* ACTIVITY *
For the records below, output word for word the lines from the one with "Spicewood, TX 78669" up to and including the one with "Отель Damas International". No pictures.

* TASK MATERIAL *
# # # # # # #

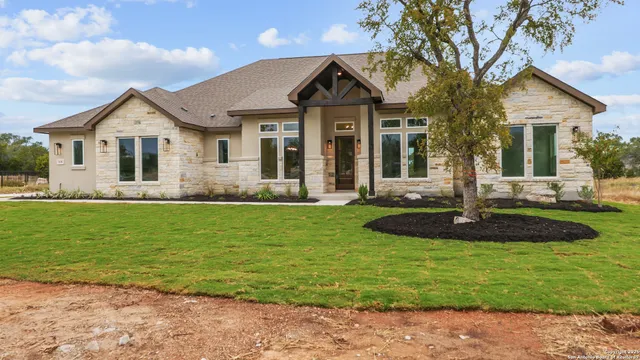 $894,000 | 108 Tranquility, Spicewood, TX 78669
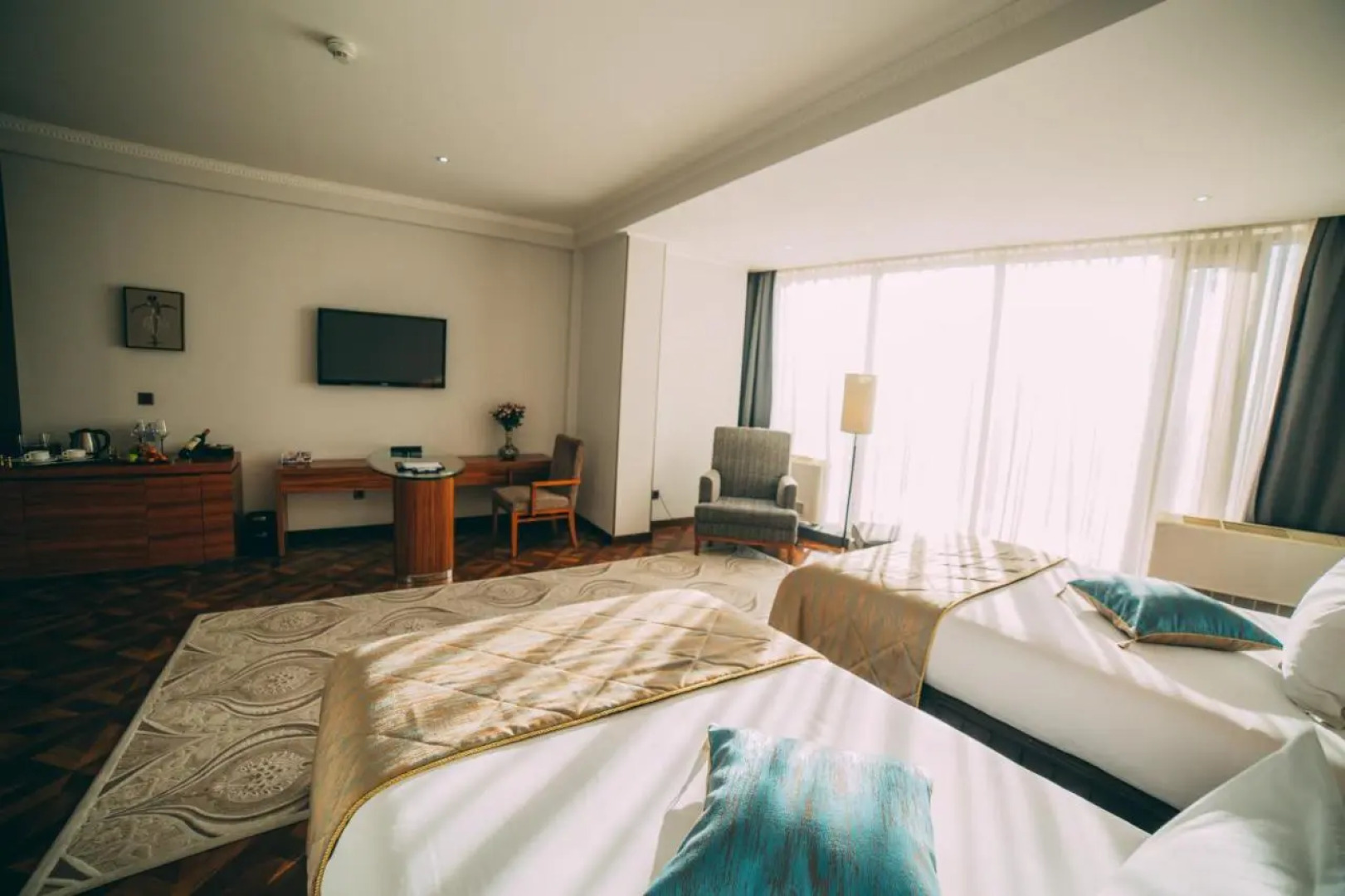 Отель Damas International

# # # # # # #

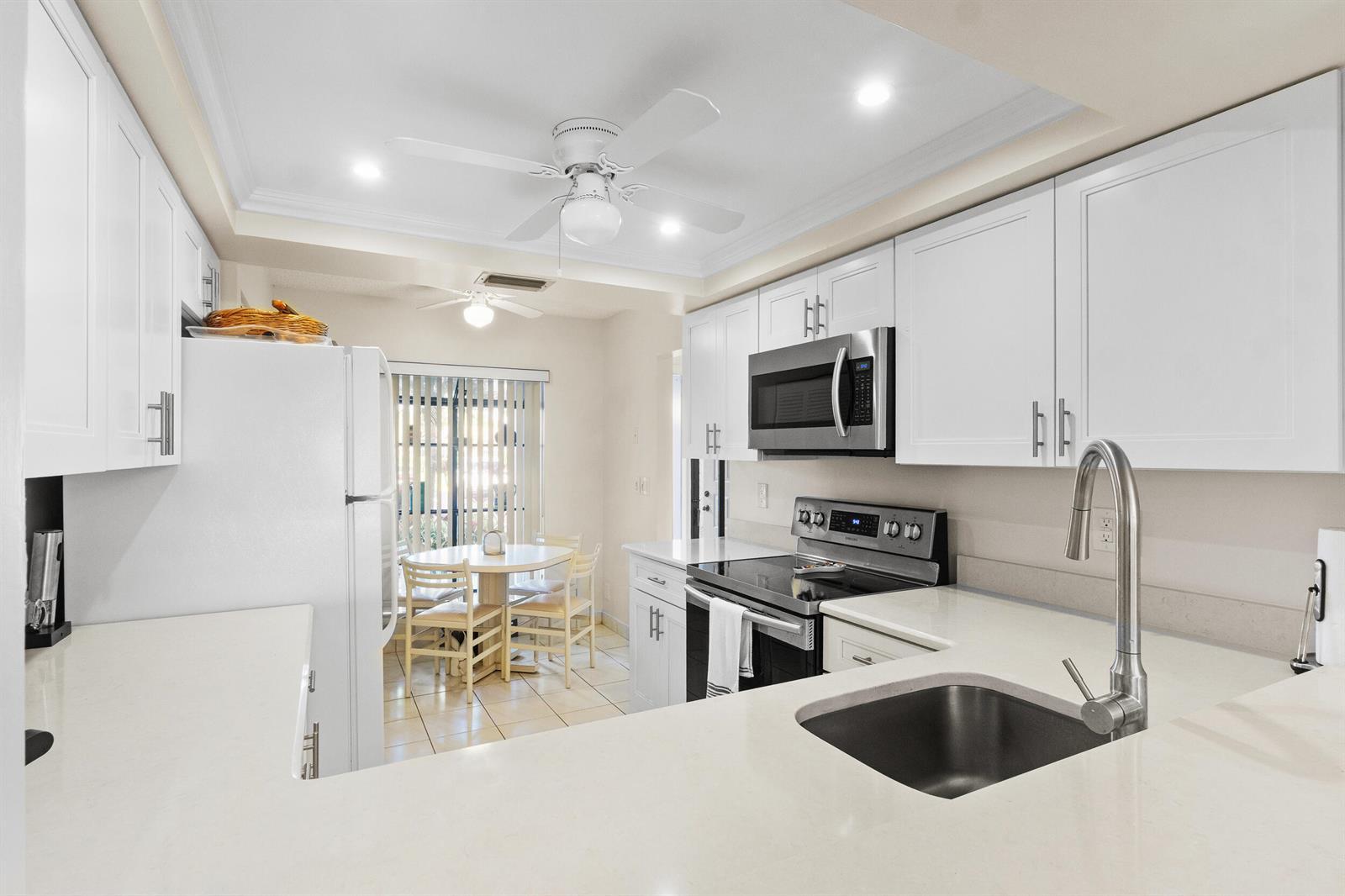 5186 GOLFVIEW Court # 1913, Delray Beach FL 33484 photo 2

# # # # # # #

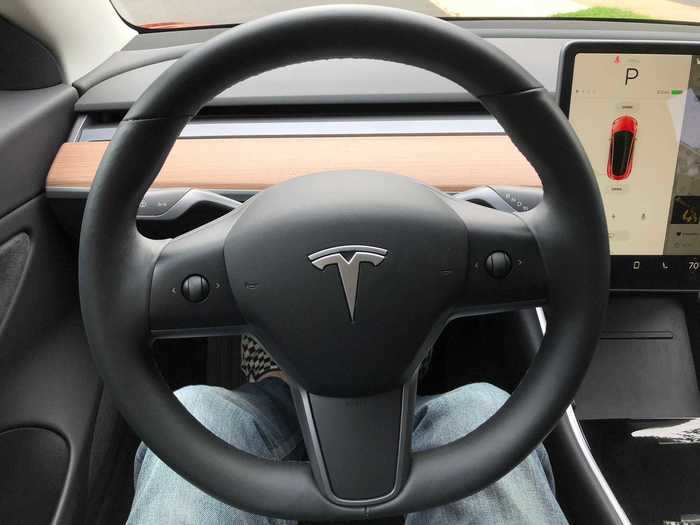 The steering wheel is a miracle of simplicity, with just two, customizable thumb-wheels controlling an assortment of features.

# # # # # # #

* RESULT *
 $894,000 | 108 Tranquility, Spicewood, TX 78669
 Отель Damas International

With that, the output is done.